A surge in imports slowed the booming U.S. economy to a 3.9 percent annual growth rate in the fourth quarter, the Commerce Department reported Friday.
This was slower than the government's advance estimate of a 4.3 percent growth rate. In the third quarter, the economy grew at a 3.1 percent annual rate.
"There is no big surprise in the GDP report, but it's modestly positive for bonds and for stocks, and sets a nice tone," said Hugh Johnson, chief investment officer at First Albany.
Wall Street analysts had forecasted a revised fourth quarter GDP growth rate of 3.8 percent.

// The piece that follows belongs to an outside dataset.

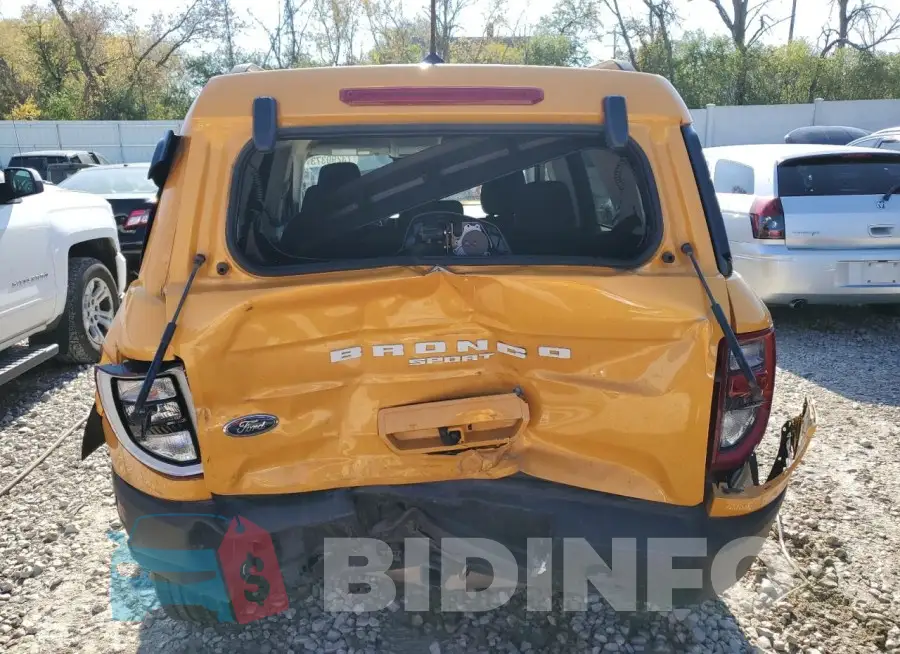 3FMCR9B69NRD17237 Photo# 6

The revised report showed inflationary pressures stayed at a 34-year low. The implicit price deflator held steady at 1.4 percent, the same as in the third quarter.
The Asian financial crisis boosted imports, the largest sector subtracting growth from overall GDP. Real imports of goods and services jumped by 6.4 percent in the last quarter as the dollar surged against foreign currencies.

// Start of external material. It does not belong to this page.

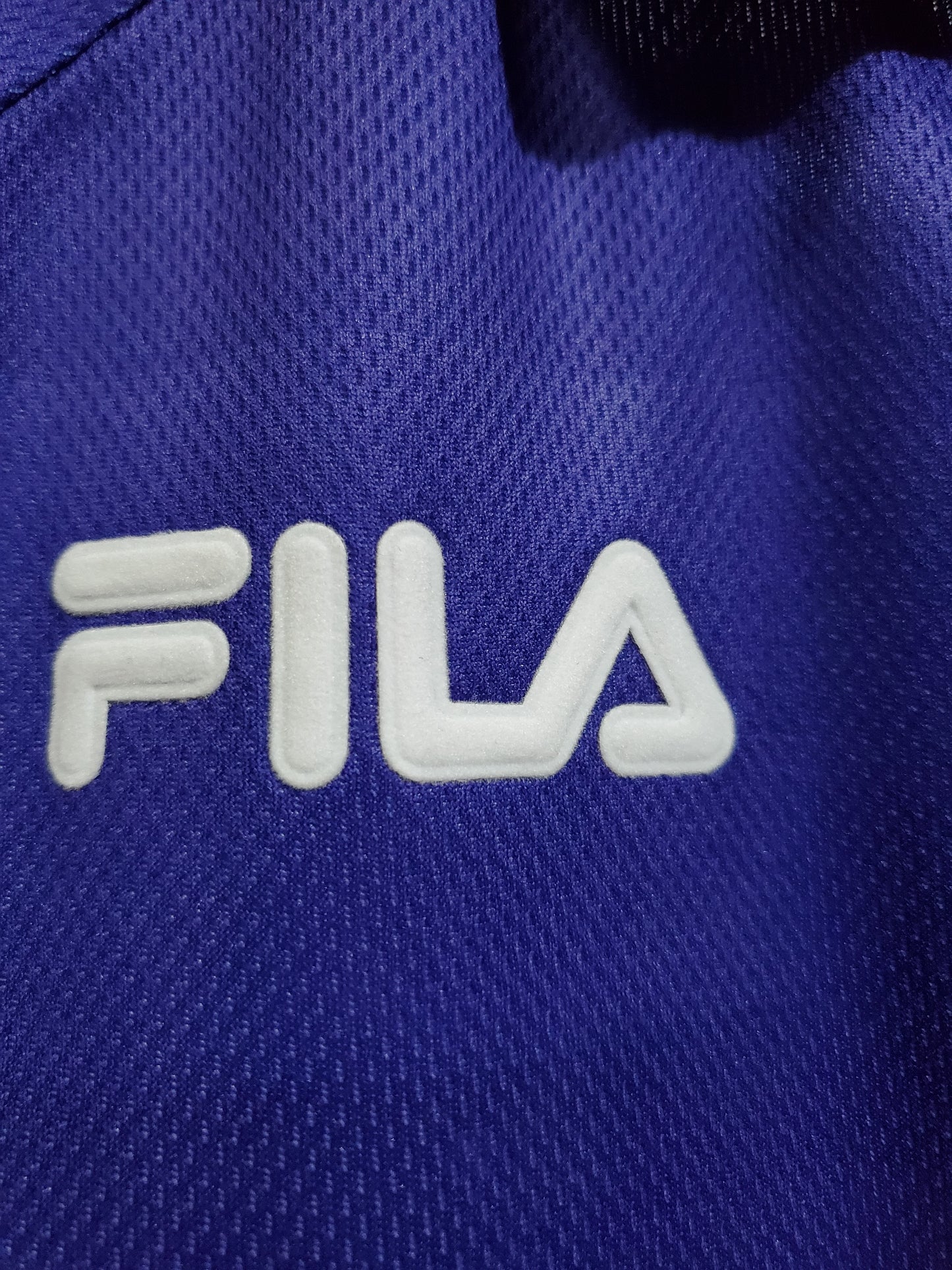 AC Fiorentina Home 99-00 Retro Premium Replica Jersey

Exports of goods and services advanced by 10 percent last quarter after rising 4.4 percent in the third quarter.
Other sectors that slowed the economy's growth were business investments and federal government non-defense expenditures.
Consumer spending surged, increasing by 3.1 percent in the fourth quarter. This contributed to almost half the total gain in GDP growth.
The biggest gains in personal expenditures came from spending in the service sector. Spending on nondurable goods actually fell by 1 percent after a 4.3 percent gain in the third quarter. Purchases of durable goods slowed to a 1.7 percent rise after a 18.4 percent gain in the previous quarter.
The GDP report is revised twice every quarter. The latest change, the first revision, left the GDP increase for the full year unchanged at 3.8 percent, a nine-year high. The gross domestic product, unadjusted for inflation, was $8.08 trillion.
Analysts believe the slowdown in Asian economies will also push U.S. economic growth down to around 2.5 percent in 1998.